All mega events attract criticism. Have I been surprised at times at the severity? Yes. But it doesn’t concern me what the motive is, what concerns me is that we deliver on our promises and ensure that we deliver a unique and enjoyable World Cup.
You’ve continuously engaged local and regional communities to include them in preparations. How important is that support to you?
It is imperative to have the support of the local and regional communities. We believe this World Cup is for them, this World Cup is not only for Qatar, it is for the football community and football lovers and fans of the region.
We’ve continuously had programmes engaging them. We make sure the communities which have stadiums nearby are engaged, and we asked them what kind of facilities they feel are necessary, what kind of services they need.
We have been able to provide a lot of what they requested into the stadiums and precincts. Regionally we’ve engaged a lot of fans through football tournaments, as a way of using football as a platform to pass on the messages of this regional World Cup.
Workers’ welfare remains a topic of top priority to the SC. Do you see this as a key legacy component of what this World Cup will do for the region?
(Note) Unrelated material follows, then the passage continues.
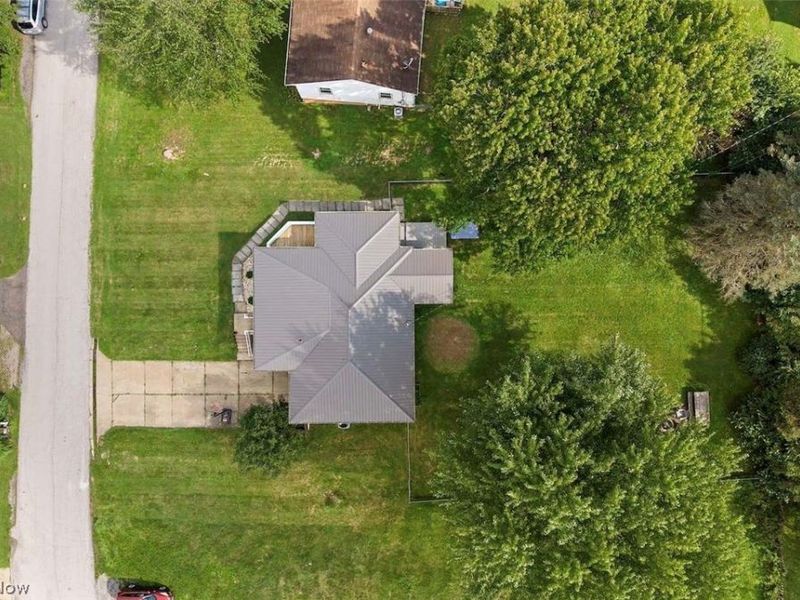 706 Overlook Drive, Wintersville, OH 43953 Photo 34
Absolutely. Progress on workers’ welfare, not just in the Supreme Committee but within the country as a whole, has taken great strides forward. We’ve seen the benefits that our workers’ welfare standards have had for workers, and other organisations have recognised these benefits by instituting similar standards into their contracts.
We see that progress taking shape on the ground, and others have followed suit. By mid-December 2016, Qatar is going to announce the new labour law. The focus on improving and developing workers’ welfare and rights has had tangible benefits.
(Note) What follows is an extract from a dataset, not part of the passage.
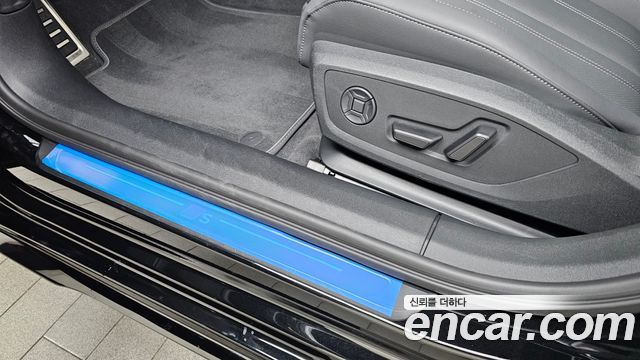 Audi A6 (C9) 45 TFSI Quattro S Line 2026 — фото 33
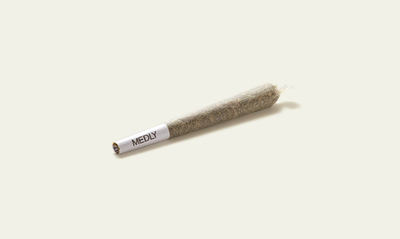 Prerolls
In terms of player development, Qatar’s younger generation of players like Akram Afif have started playing in places like Spain, Belgium and Scotland. Do you think players are benefiting from the 2022 effect?
The fact that the World Cup is being staged in your backyard and your country adds a certain emotional motivation.
Let’s not forget that the QFA and Aspire have for a long time been working on developing athletes and football players, and they have a lot of credit to be given for the way these youngsters have progressed.
This is why youngsters like Akram Afif have been in La Liga and others in Belgium and in Europe. The World Cup is a big propellant for these players, and everybody wants to be playing in the World Cup in their own country.
This year has also seen the start of a more in-depth relationship with India after a contractor from the country began work on Al Rayyan Stadium. How important is India in the years leading up to 2022?
The relationship between India and Qatar goes beyond football, it goes back decades.
The Indian population and community has been an integral part of society for decades in Qatar, and has helped build this country and make it what it is today. The final of the AFC Cup in Doha recently showed the level of participation and fan engagement, and displayed the passion India has for football.
India has made a lot of effort in developing football, their league, and I see that India will be a force in the Asian continent when it comes to football. They will host the Under 17 World Cup next year, there is also the intention to host an Under-20 World Cup, so there is a real interest and intention to make India a footballing nation.
I would say good luck to the Indian national team for 2022, and there are a lot of Indian expatriates from the region who will be interested to attend games here, as well as people flying from India. I say to them, welcome, our doors are open.
Finally, looking at the preparations as a football match, we’ve now reached half-time. What do you say to your team in the dressing room ahead of the second 45 minutes?
I think as a coach I’d be very proud of the team, and commend them on a job well done, the team being the entire nation.
The focus was high in the first half, but let’s not forget there’s another 45 minutes where we need to maintain the momentum, and we need to be as resilient and endure as much as we have in the past. If we do that, we should rest assured that we’ll get a positive result.